### Data
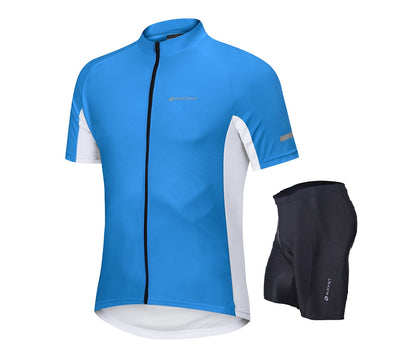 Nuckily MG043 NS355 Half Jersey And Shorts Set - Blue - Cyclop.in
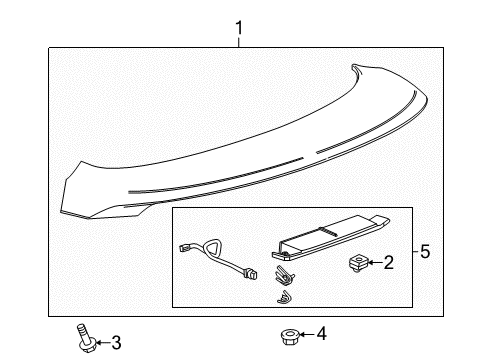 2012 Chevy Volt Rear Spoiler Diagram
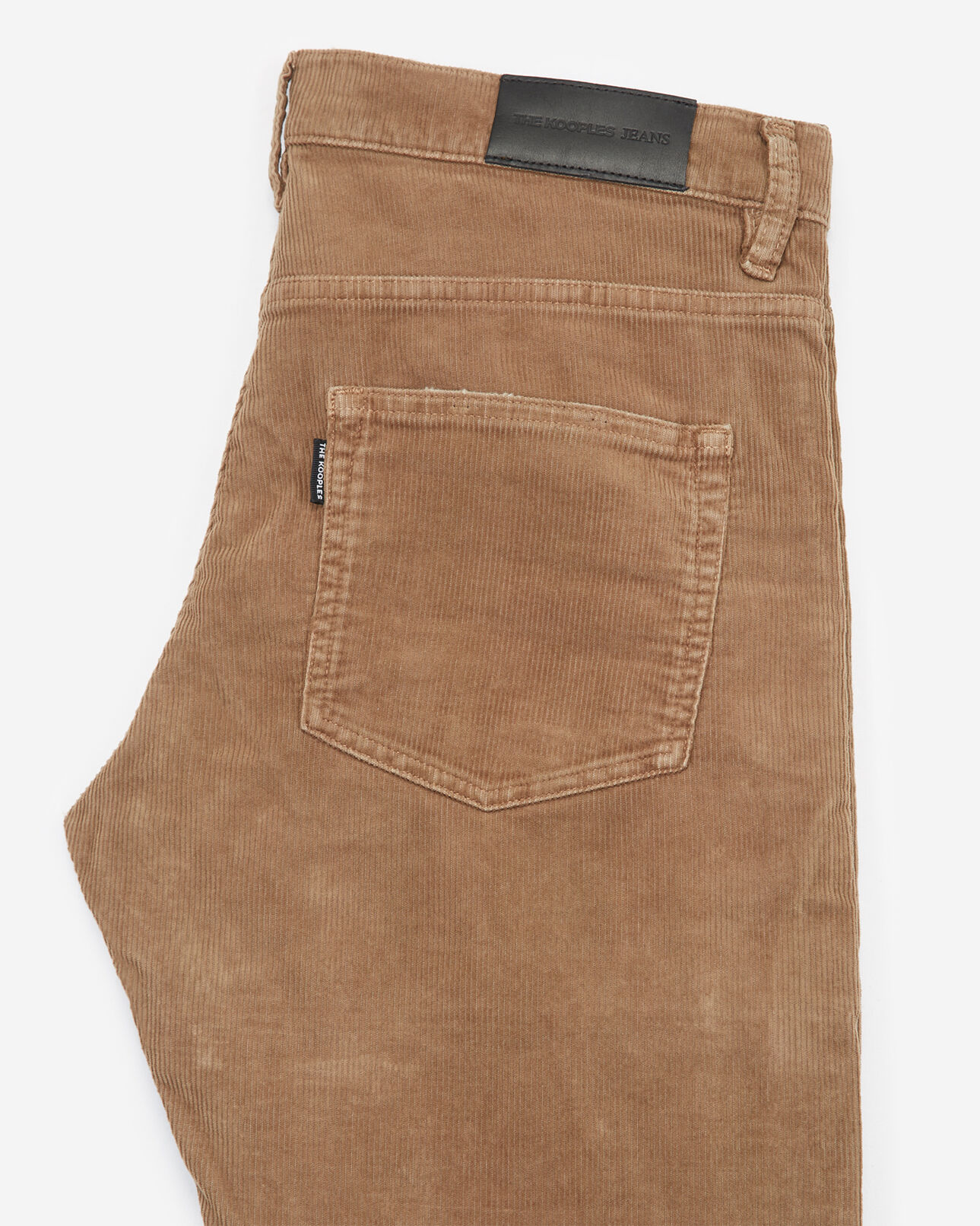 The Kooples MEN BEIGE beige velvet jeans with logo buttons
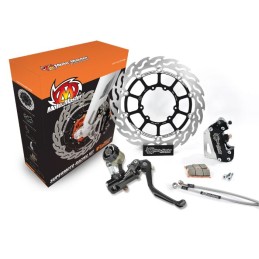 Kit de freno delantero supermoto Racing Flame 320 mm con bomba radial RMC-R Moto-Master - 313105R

### Activity
Your answer should copy the listing word for word, with no pictures in it.

### Your response
 Nuckily MG043 NS355 Half Jersey And Shorts Set - Blue - Cyclop.in
 2012 Chevy Volt Rear Spoiler Diagram
 The Kooples MEN BEIGE beige velvet jeans with logo buttons
 Kit de freno delantero supermoto Racing Flame 320 mm con bomba radial RMC-R Moto-Master - 313105R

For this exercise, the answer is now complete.